WHAT IS NEEDED =>
After locating the line that contains "We're going to look", quote it and all lines after it through the end of the entries, and nothing more. Pictures stay out.

─── EXTRACTED RECORDS

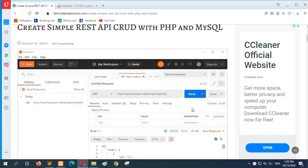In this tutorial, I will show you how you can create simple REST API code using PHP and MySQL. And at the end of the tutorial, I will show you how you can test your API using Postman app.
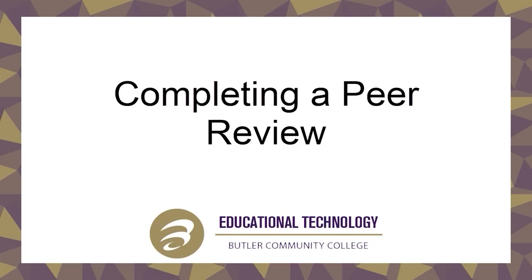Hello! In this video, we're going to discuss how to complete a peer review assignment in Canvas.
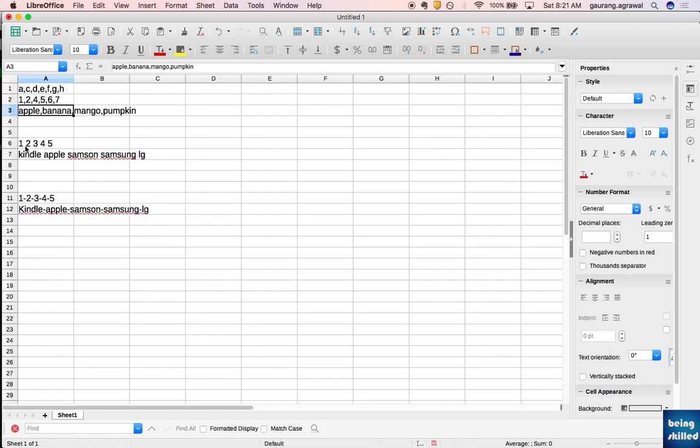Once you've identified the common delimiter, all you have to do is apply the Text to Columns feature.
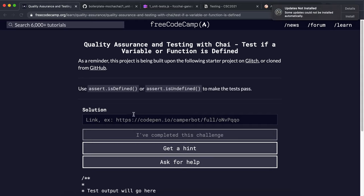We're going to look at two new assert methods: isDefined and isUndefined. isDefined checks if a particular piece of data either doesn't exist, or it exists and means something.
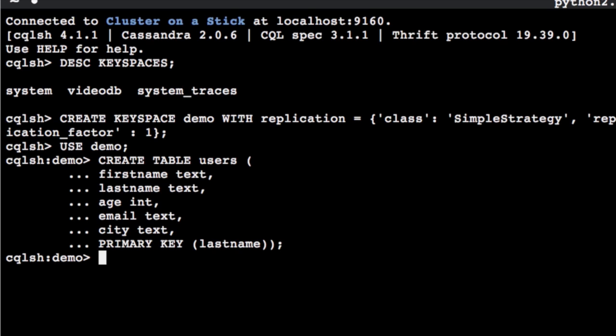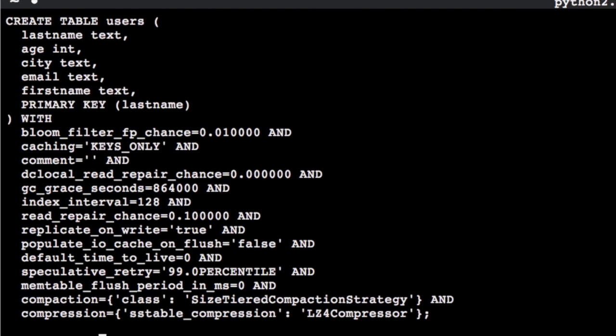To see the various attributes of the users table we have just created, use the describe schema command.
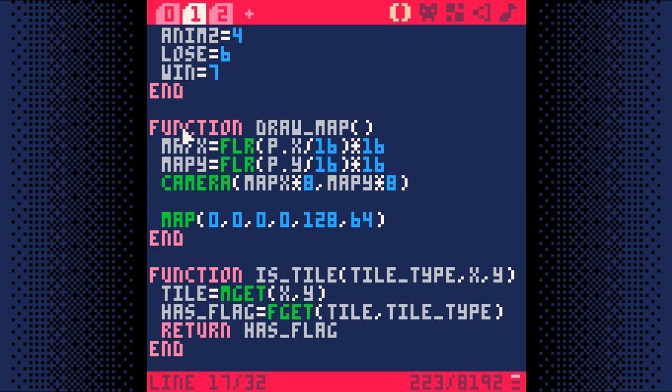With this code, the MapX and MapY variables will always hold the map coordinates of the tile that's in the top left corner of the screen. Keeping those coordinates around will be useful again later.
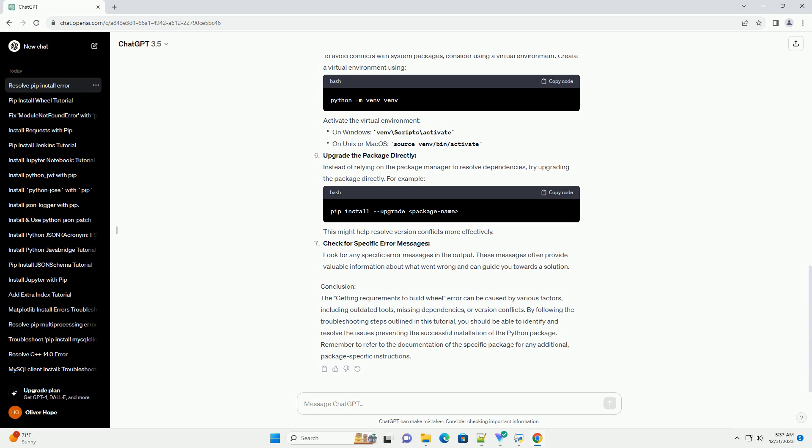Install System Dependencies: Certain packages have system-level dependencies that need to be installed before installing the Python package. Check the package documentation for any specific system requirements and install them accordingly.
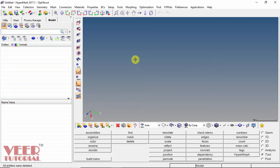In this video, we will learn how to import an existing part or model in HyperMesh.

──────

WRITTEN SOLUTION =>
We're going to look at two new assert methods: isDefined and isUndefined. isDefined checks if a particular piece of data either doesn't exist, or it exists and means something.
To see the various attributes of the users table we have just created, use the describe schema command.
With this code, the MapX and MapY variables will always hold the map coordinates of the tile that's in the top left corner of the screen. Keeping those coordinates around will be useful again later.
Install System Dependencies: Certain packages have system-level dependencies that need to be installed before installing the Python package. Check the package documentation for any specific system requirements and install them accordingly.
In this video, we will learn how to import an existing part or model in HyperMesh.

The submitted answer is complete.